Canadian Resistance In The West: Chester Brown’s Louis Riel

Louis Riel by Chester Brown

This is the first review from our new Books Editor, Anabelle Bernard Fournier. Welcome our newest Cryptospherian, a freelance writer who hails from Victoria, British Columbia.

Even though we think of ourselves as a relatively peaceful nation, there’s a lot of struggle, underpinned by violence, in Canada’s history.

For the non-Canadians among you, here’s a history crash course.

In 1867, four provinces (Ontario, Québec, New Brunswick and Nova Scotia) became the country known as Canada. This process, known up here as the Confederation, was led by politician John A. MacDonald (who was elected our first Prime Minister). The other provinces remained separate British colonies until they joined later–the last one to do so was Newfoundland, in 1949.

But a lot of the country-making process did not go peacefully. Québec was mostly French-speaking, leading to cultural and linguistic struggles, while the territory west of Ontario was mostly inhabited by an Indian and Métis population, interspersed with a few British or French colonies along rivers.

One of the main obstacles to John A. MacDonald’s project to expand Canada from coast to coast through a railroad were two rebellions in Manitoba, called the Red River and the North-West Rebellions, both led by intellectual, politician and exile Louis Riel, a French-speaking Métis.


 

Having been born east of the Manitoba border, I’d only really learned the basics about Louis Riel’s rebellion. He rebelled, he got caught, he was hanged. That’s about it.

But the history of Riel’s resistance and rebellion is more complex and interesting than a simple uprising.

Chester Brown’s 2006 Louis Riel: A Comic-Strip Biography covers the life of this historically important Métis rebel and/or, depending on your point of view, traitor to Canada.

The graphic format

Brown admits up front that the graphic novel format didn’t leave him free to deal with the story in all its complexity. He compressed some events, changed the people involved in some cases and made up some bits and pieces for the sake of the story. (Extensive notes at the end of the book provide corrections for such inaccuracies.)

But these liberties Brown takes with history do not diminish the strength of the narrative. Louis Riel is the story of a Montréal-educated Métis young man who returns to his home to find out that the Canadian government has been eyeing his people’s territory. Intent on protecting the rights and land of his people, the French-speaking Métis of the Red River colony (now Winnipeg), he begins his work in the most peaceful way possible: a democratically elected government to represent his people.

But things, as history shows, don’t go as planned.

This could be a dry, complicated history book. But the graphic format makes it easy to follow and understand, despite the above-mentioned issues with historical truth and continuity. Brown translates the complex social-political context of the Riel rebellion into a riveting historical narrative using dialogue and visuals rather than the content you would expect in a historical volume.

Making history come alive

Brown’s Louis Riel makes history come alive. It wasn’t just dates and treatises and letters. It was people will real stakes–their land, their way of life, their language–against a political and colonization machine with its own will and stakes.

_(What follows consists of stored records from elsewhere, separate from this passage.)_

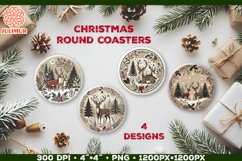 Rustic Woodland Deer Christmas Coaster Sublimation Design Product Image 1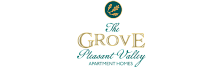 Elegant logo for The Grove Pleasant Valley Apartment Homes, featuring classic typography with a leafy emblem.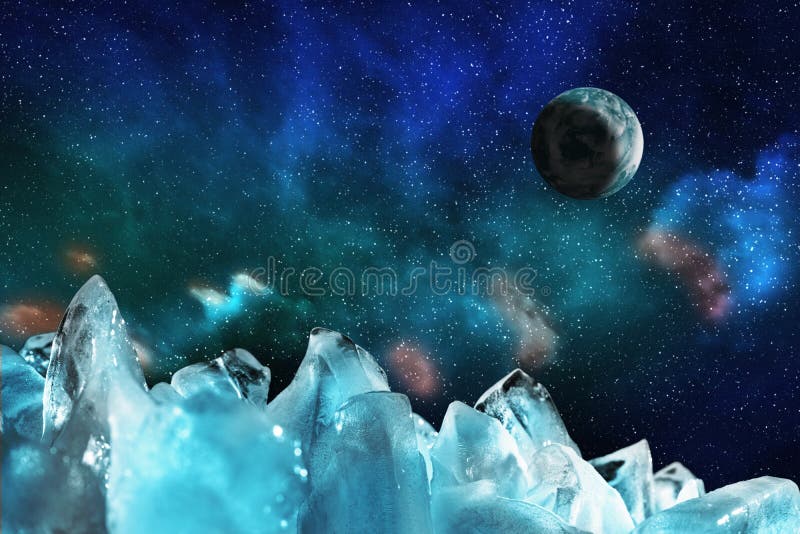 Vista do céu estrelado da noite com aurora boreal e um planeta através dos picos gelados, ilustração da estrela azul ilustração royalty free Vista do céu estrelado da noite com aurora boreal e um planeta através dos picos gelados, ilustração da estrela azul ilustração royalty free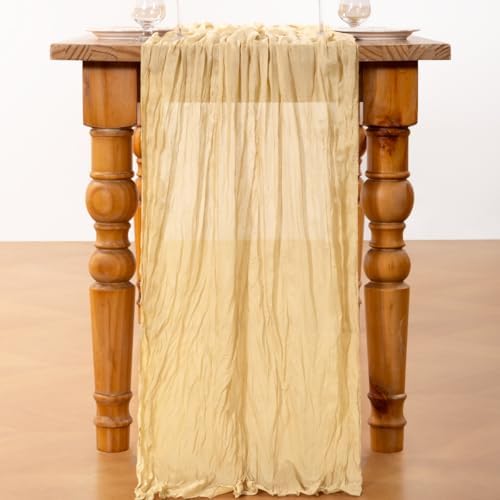 DeZerlor Champagne Cheesecloth Table Runners 10 Pack Summer Boho Runners - Image 5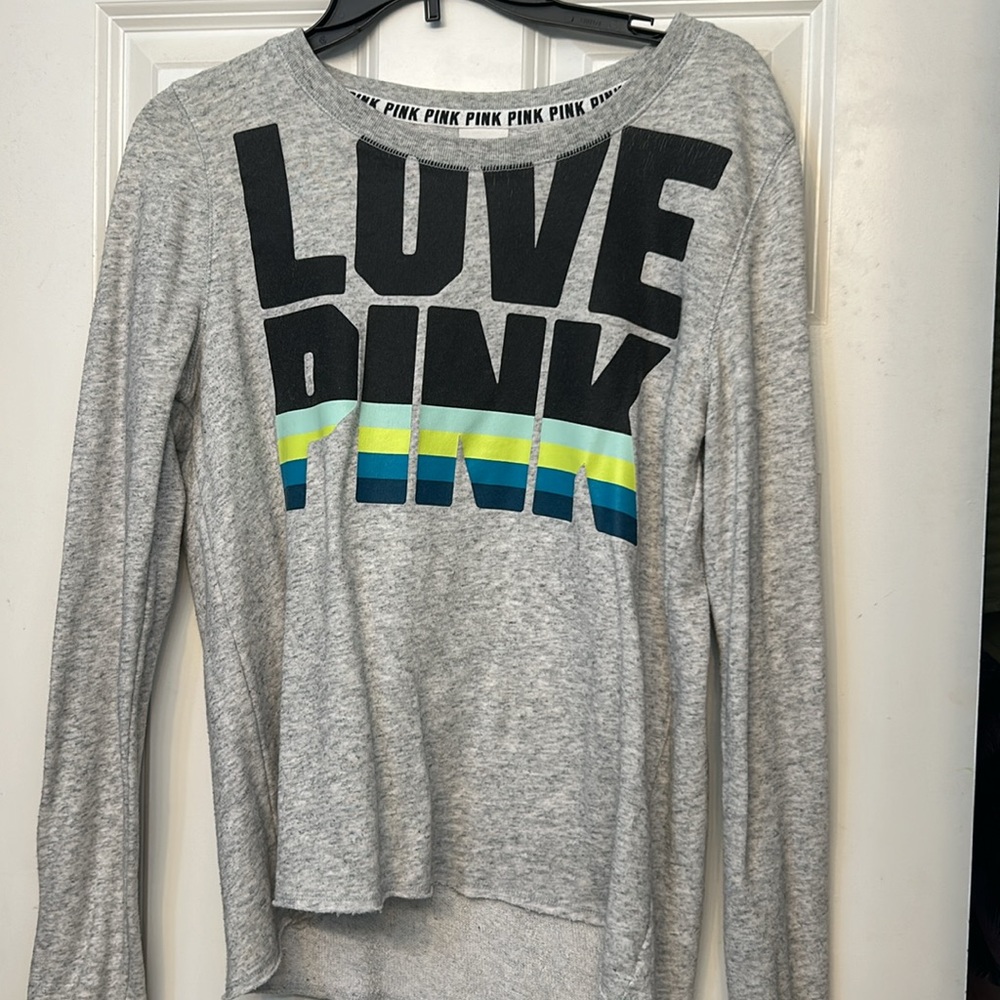 gray crew neck PINK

The book is definitely sympathetic to Riel, even though he still is a human being with flaws. The author seems to sympathize with the Red River settlements’ plight and Riel’s ultimate goal to secure land and freedom for his people. Brown does his best to highlight the unfairness of Canada’s treatment of Riel’s people and avoids an uncritical celebration of the Confederation. Our country came together at a cost.

But that doesn’t mean that the book is completely blind to the controversy around Riel’s leadership. The most contentious issue is, of course, his claim to messianic knowledge. After a time in Washington, DC, Riel climbs a mountain and claims to receive a message from God. Whether or not Riel was insane is still in question today, and we’ll probably never know–but his religious calling definitely drove his mission for the latter part of his life.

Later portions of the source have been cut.